Josh Brolin’s Outer Range Is a Startlingly Dark Cosmic Cowboy Mystery

Josh Brolin’s Outer Range Is a Startlingly Dark Cosmic Cowboy Mystery

You’re going to see a lot of reviews comparing Yellowstone and Outer Range, and it’s no surprise why. Amazon’s new series starring Josh Brolin has a lot of the same ingredients as Peacock’s Kevin Costner hit. But Outer Range has something Yellowstone doesn’t, yet: a serious inclination toward the paranormal.

Before you read any further, know that we won’t be spoiling any plot points for Outer Range, created by Brian Watkins, in this review. It’s not a spoiler to say that on the surface, at least, the similarities between Outer Range and Yellowstone are undeniable. Both focus on rough-hewn ranchers who are fiercely loyal to their families, and the unexpected violence and drama they encounter while roaming around on horseback, tending cattle, chugging beers at the local honky-tonk, and dealing with the annoyance of pesky outsiders and local politics.

But Costner and crew never had to deal with the sudden appearance of a giant hole in one of their vast fields — a perfectly symmetrical, seemingly bottomless pit descending into the unknown. When Brolin’s Royal Abbott makes this particular discovery, it’s so unsettling his reaction is to stand at the edge and yell, “What the fuuuuck?”

Though Royal tries to keep its existence a secret, the hole’s arrival changes everything, not just for the Abbott family (a fierce Lili Taylor as Royal’s wife Cecelia; Tom Pelphrey as his son Perry; Lewis Pullman as his other son, Rhett; Olive Abercrombie as Perry’s young daughter) and others in their rural Wyoming orbit — but quite possibly the fabric of space and time itself. We have an inkling about this, though, thanks to Outer Range’s fondness for foreboding voice-overs and monologues, as well as carefully chosen production design elements that feel like symbolism and omens.

Episode one opens with Royal intoning about Chronos, the Greek god of time, and informing us “the world has been waiting for something like this.” It’s admittedly a bit heavy-handed. But it’s the right kind of tease for a show that might otherwise be mistaken for a straightforward Western. Outer Range runs eight episodes and will have a staggered release, with two installments rolling out weekly — bad news for bingers, since episodes tend to end in cliffhangers, though the plot mostly takes a slow-burn approach (during its earlier episodes, at least), dropping clues both seemingly minor and “LOOK! AT! THIS!” along the way.

Image: Amazon Studios
Image: Amazon Studios

Every character has hidden layers; many also have “holes” of their own. The big hole that isn’t the hole is the missing Rebecca Abbott — Perry’s wife and Amy’s mother — who suddenly vanished without a trace nine months prior. It’s not long enough for the family to have given up hope, but it’s long enough for the FBI to call off their search. And Royal’s past is its own gaping maw. With no memory of his childhood before age eight or so, he just turned up at the ranch one day and was taken in by Cecelia’s family, eventually growing up and marrying her. It’s family folklore so charming that Amy asks for it as a bedtime story. But again… it feels like an omen.

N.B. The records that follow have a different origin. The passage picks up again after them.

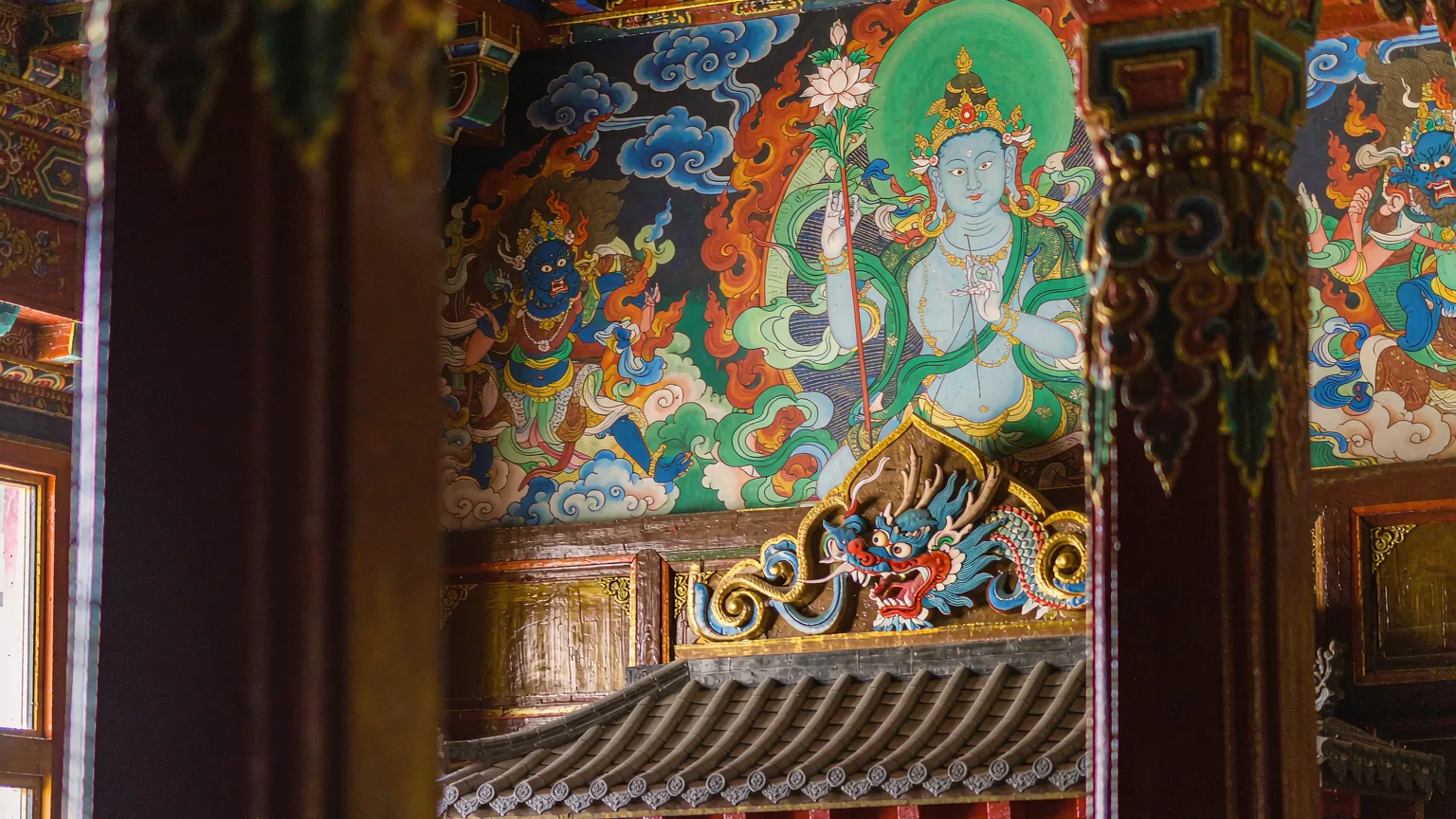 Detailed murals and woodwork inside Norbulingka chapel
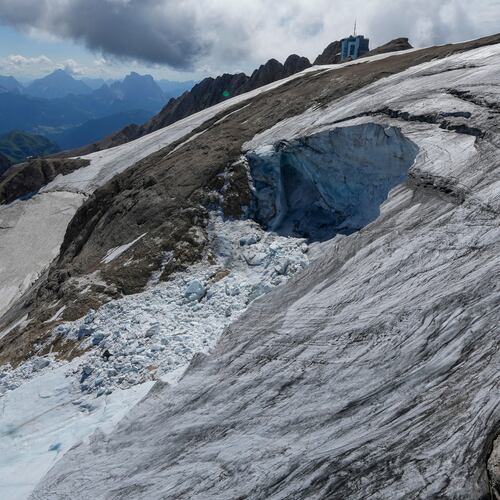 FILE - A view taken from a rescue helicopter of the Punta Rocca glacier near Canazei, in the Italian Alps in northern Italy, Tuesday, July 5, 2022. (AP Photo/Luca Bruno, File)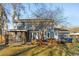 Exterior of home featuring a screened-in porch, backyard deck, mature trees, and fenced yard at 115 Laurel Ridge Rd, North Charleston, SC 29418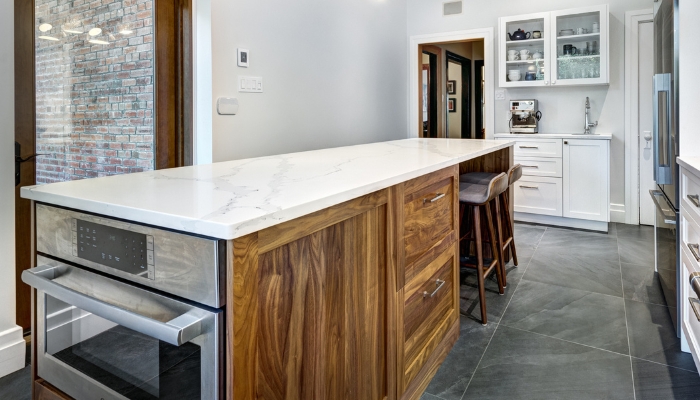 Modern, sleek kitchen with a microwave drawer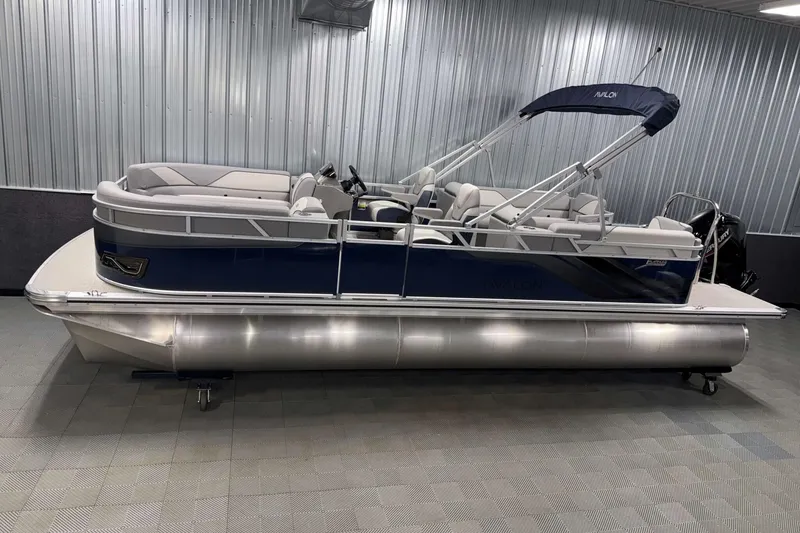 The Image of 2026 Avalon Venture 2385 QL pontoon boat in showroom, featuring sleek design and comfortable seating. - 1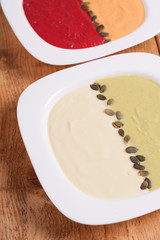 Different colored puree soups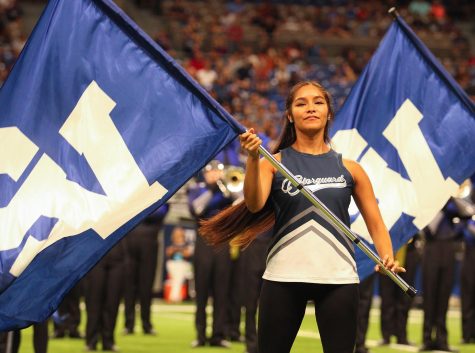 Serenity Lippe performing with the color guard at the Alamodome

Other dominoes start to tumble on the Abbott family as the story gets started. There’s what Royal’s lawyer calls “a good old-fashioned topographical fuckup” — the fact that a certain amount of Abbott acreage apparently legally belongs to a neighbouring ranch. It’s land Wayne Tillerson (Will Patton), the frail yet fierce patriarch of the Tillerson family, proves eager to reclaim. You get the sense that’s due to something beyond greed and his long-standing rivalry with Royal, and that it definitely ties into Wayne’s (foreboding!) mutterings early in episode one: “Something is coming… you feel it, don’t you?”

There’s also no love lost between Royal and Wayne’s sons, a conflict that explodes in episode one and soon involves Sheriff Joy Hawk (Tamara Podemski) — Native American, gay, mother, keeps her cool amid mountains of bullshit, knows she’s facing a tough election to hold onto her job. In other words, a character that could’ve easily have been written as one-note but, again, is filled with unexpected layers.

Image: Amazon Studios
Image: Amazon Studios

Maybe the most puzzling element lurking among the vast prairies of rural Wyoming — other than that hole, anyway — comes in the form of Autumn Rivers (Imogen Poots), who by all appearances is a harmless, hippie-ish drifter looking for a place to camp, and heard Abbott Ranch might be just the spot. When Royal gruffly gives permission, she shakes his hand and says “Glad to finally meet you.” It’s the “finally” that makes you pause, and from then on every scene with Autumn is full of things that make you pause. Her manner — she’s friendly, but also overly familiar to the point of being overbearing — is off-putting and a bit worrisome; we eventually learn she has a chemical imbalance that accounts for some, but definitely not all, of her peculiarities. You also get a strong sense that she’s somehow connected to the cosmic oddities swirling around Royal.

As Outer Range unfurls its plot — a blend of both conventional Western tropes and twists so far-out you have to witness them if you want to make sense of them — it leans heavily into darkness; one of the show’s trailers made excellent use of Royal’s pre-meal “blessing” that snowballs into a fierce rant about “the great void” between God and humanity, and faith is one of the themes the show explores.

Brolin is a commanding presence and he has a natural gravitas that helps ground Outer Range’s more fantastical components. But there are also moments of warmth, as well as bizarre humour — a cowboy who spontaneously breaks into song (Whitney Houston’s “I Have Nothing” never sounded so quirky; overall, the show’s musical selections are top-notch), Wayne Tillerson’s obsession with guzzling Clamato — that feel natural in this world, rather than calculated efforts to break up Outer Range’s bleak subject matter. It’s not Twin Peaks, it’s not Lost, it’s not quite The Outer Limits, but it definitely veers off Yellowstone’s dusty turf and ventures into those directions.

The biggest mystery, besides that damn hole, becomes whether or not Outer Range will stick the landing as it puzzles through Royal’s freaky journey. Suffice to say once you start watching, you won’t be able to stop yourself from tuning in to find out.

The first two episodes of Outer Range premiere on April 15 on Amazon Prime; then you can catch two per week up until the finale on May 6.